# PROBLEM STATEMENT
Lines from the one containing "Pantalones Sólidos Para" through the last line of the records below need to be repeated exactly; nothing else, and no pictures.

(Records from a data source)
___

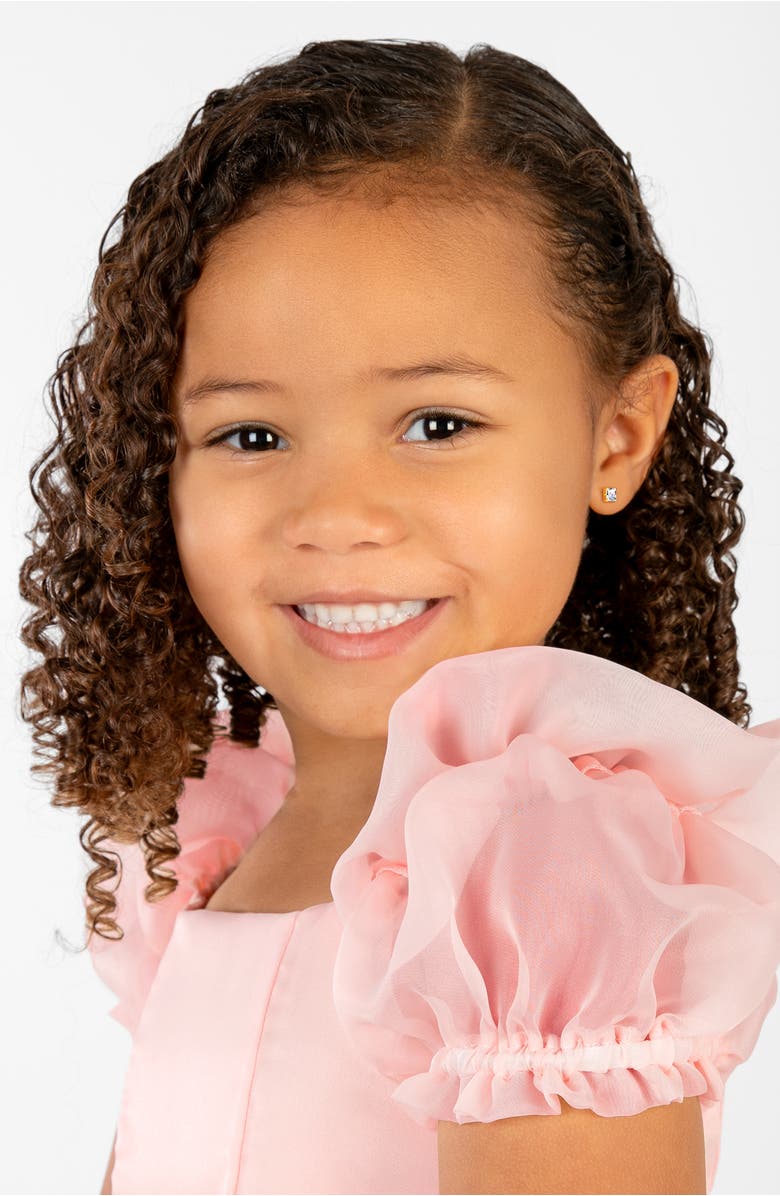 Tiny Blessings 14K Gold 4mm Princess Cut Studs Screw Back Earrings, Alternate, color, 14K Yellow Gold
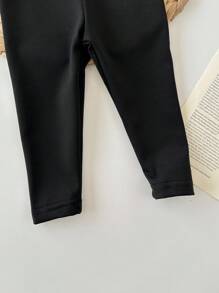 Pantalones Sólidos Para Niña Con Cintura Elástica - Negro - Ver 3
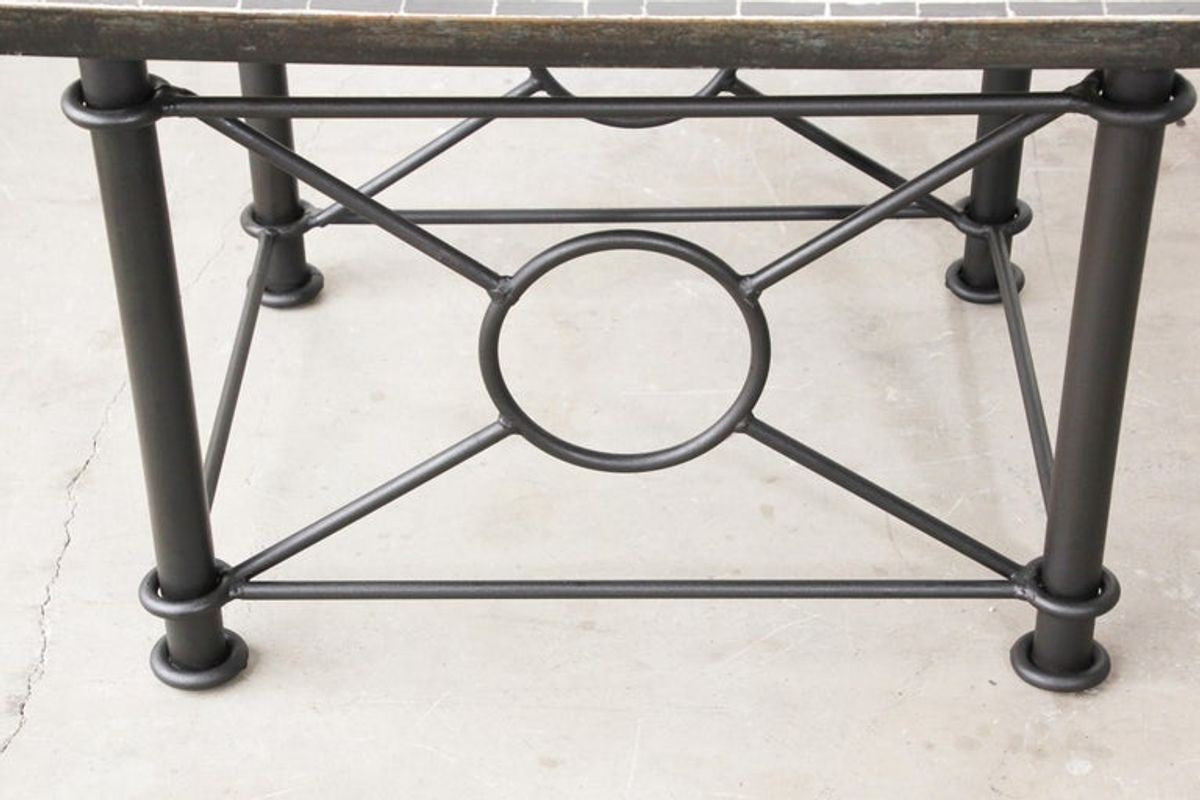 Moroccan Fez Mosaic Tile Coffee Table in Black and White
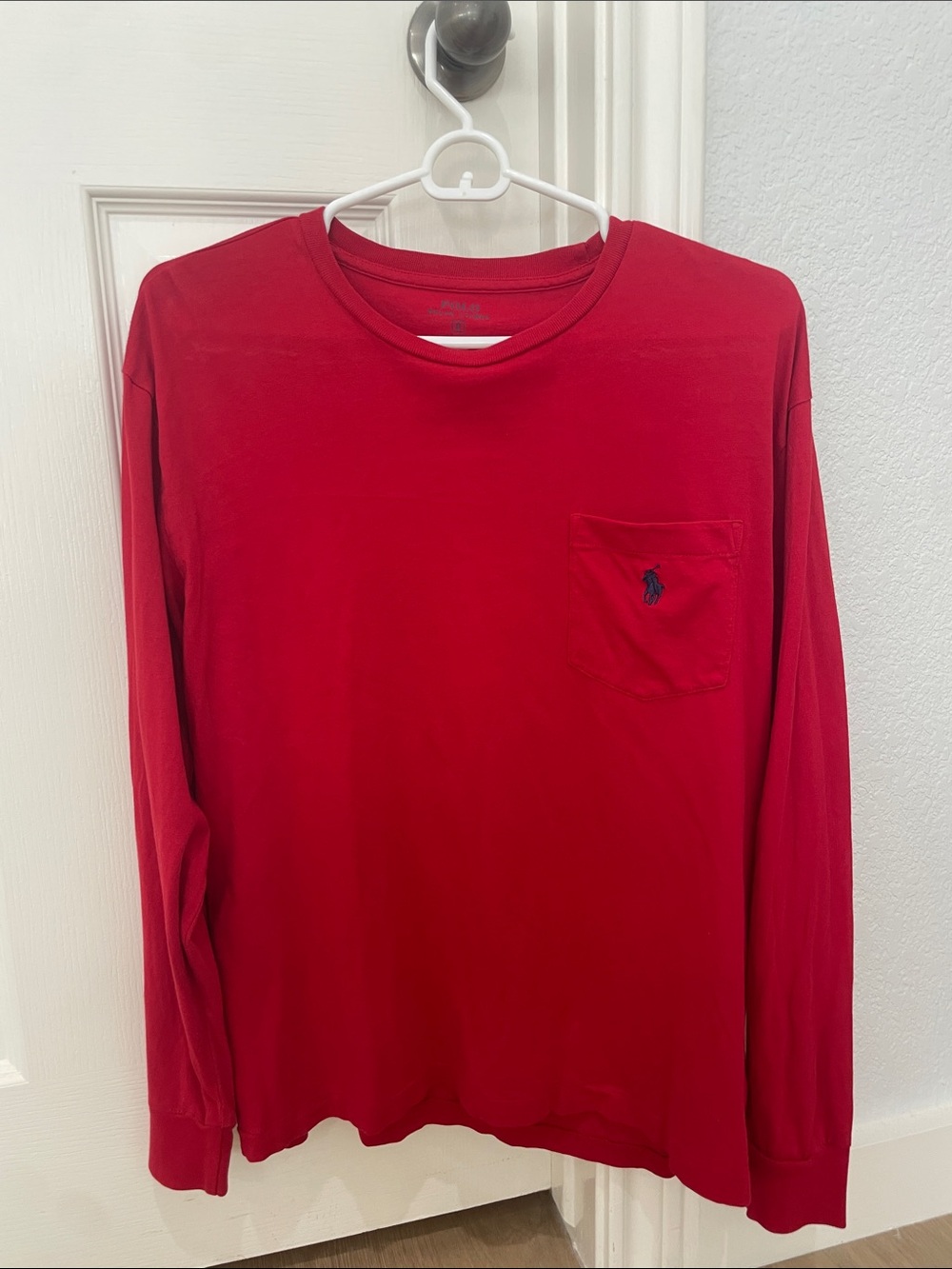 Polo by Ralph Lauren Red Long-Sleeve Pocket Tee with Navy Pony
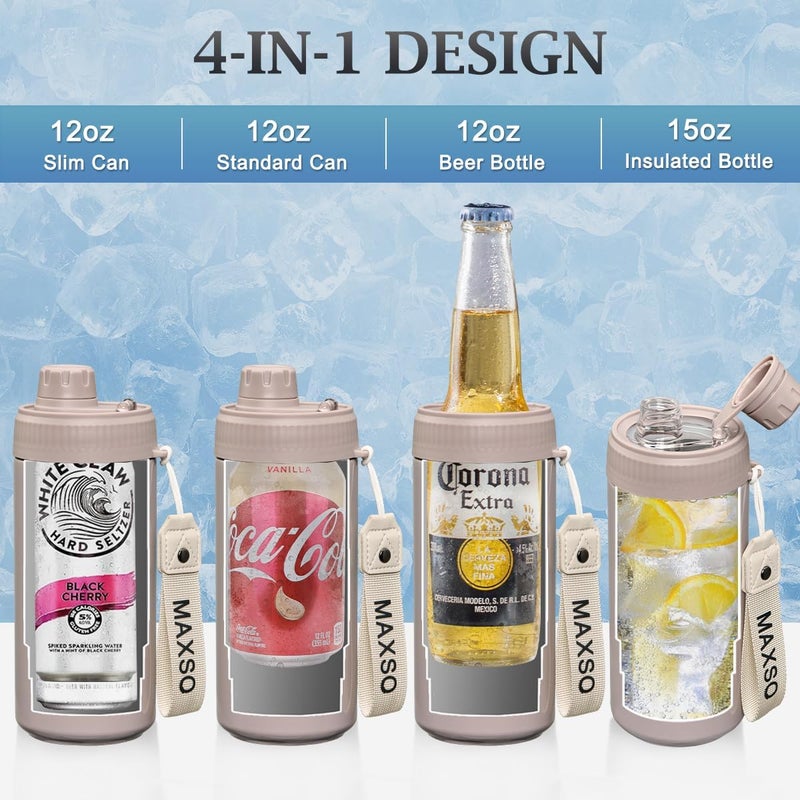 Max&So Sealed Can Cooler Fizz Lid Can Cover for 12 oz Regular, Slim Skinny Cans & As Thermal Bottle, 4-in-1 Insulated Vacuum Stainless Steel Carbonated Cold Drink Holder - Oat - Image 5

___

# ANSWER TO THIS EXERCISE
 Pantalones Sólidos Para Niña Con Cintura Elástica - Negro - Ver 3
 Moroccan Fez Mosaic Tile Coffee Table in Black and White
 Polo by Ralph Lauren Red Long-Sleeve Pocket Tee with Navy Pony
 Max&So Sealed Can Cooler Fizz Lid Can Cover for 12 oz Regular, Slim Skinny Cans & As Thermal Bottle, 4-in-1 Insulated Vacuum Stainless Steel Carbonated Cold Drink Holder - Oat - Image 5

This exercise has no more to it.